Sen. Dick Durbin (D-Ill.) delivered remarks on the Senate floor on Monday honoring the Israeli-American hostage Hersh Goldberg-Polin, whose body Israel recently recovered in the Gaza Strip and identified, and his parents, who sought so hard for his release.

Goldberg-Polin, who had ties to the senator’s state “was one of the young people at the music festival on Oct. 7 in Israel during the heinous Hamas attack that sparked so much death and destruction,” Durbin said. “He lost part of his arm trying to protect others from grenades, only to find himself taken hostage.”

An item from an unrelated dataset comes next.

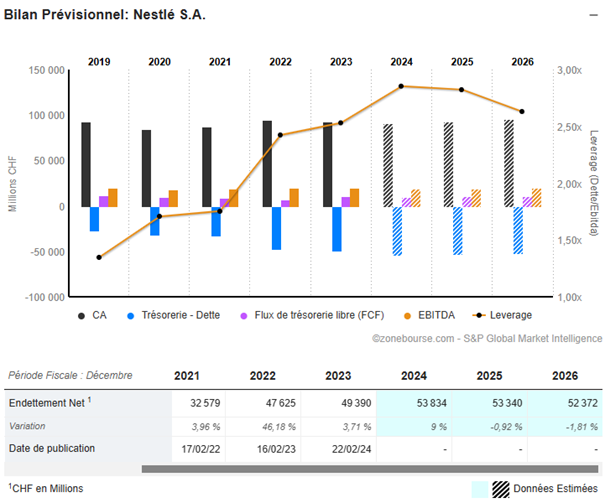 2024.12.09.Bilan prévisionnel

“His parents, Rachel and Jon, spent the next 329 days of his captivity crisscrossing the globe on a desperate quest to save their son and end the ghastly war,” the senator added on the Senate floor. “Can there be a crueler fate for a parent than suffering the daily plea and waiting for a horribly injured child’s release?”

“Hersh is no longer with us, but the heroic lengths his mom and dad made to save him touched many of us deeply, including me,” he said.

The Illinois Democrat also criticized Israeli Prime Minister Benjamin Netanyahu, upon whom he said the lesson “has been lost” and who, he said, “with each passing day seems to step deeper into the pernicious and ruthless trap set by Hamas.”

“He seems to have no long-term plan for stability, failed to secure the release of the hostages, created a terrible humanitarian crisis in Gaza, and appears more concerned with his far-right coalition’s political survival than a viable path forward,” Durbin stated.

“Let me be clear: There are those in the region who want to destroy Israel, and the nation has a right exist and a right to defend itself. But I worry the current prime minister is pursuing a highly counterproductive strategy,” he added. “He is alienating allies in the region and abroad who want to help with a path forward, creating even more suffering and animosity among the Palestinian people and pursuing political survival above all else.”

The senator concluded by quoting the “Middle East expert” and New York Times columnist Tom Friedman, a longtime critic of the Israeli government, saying that there must be a ceasefire and “long-term, two-state vision.”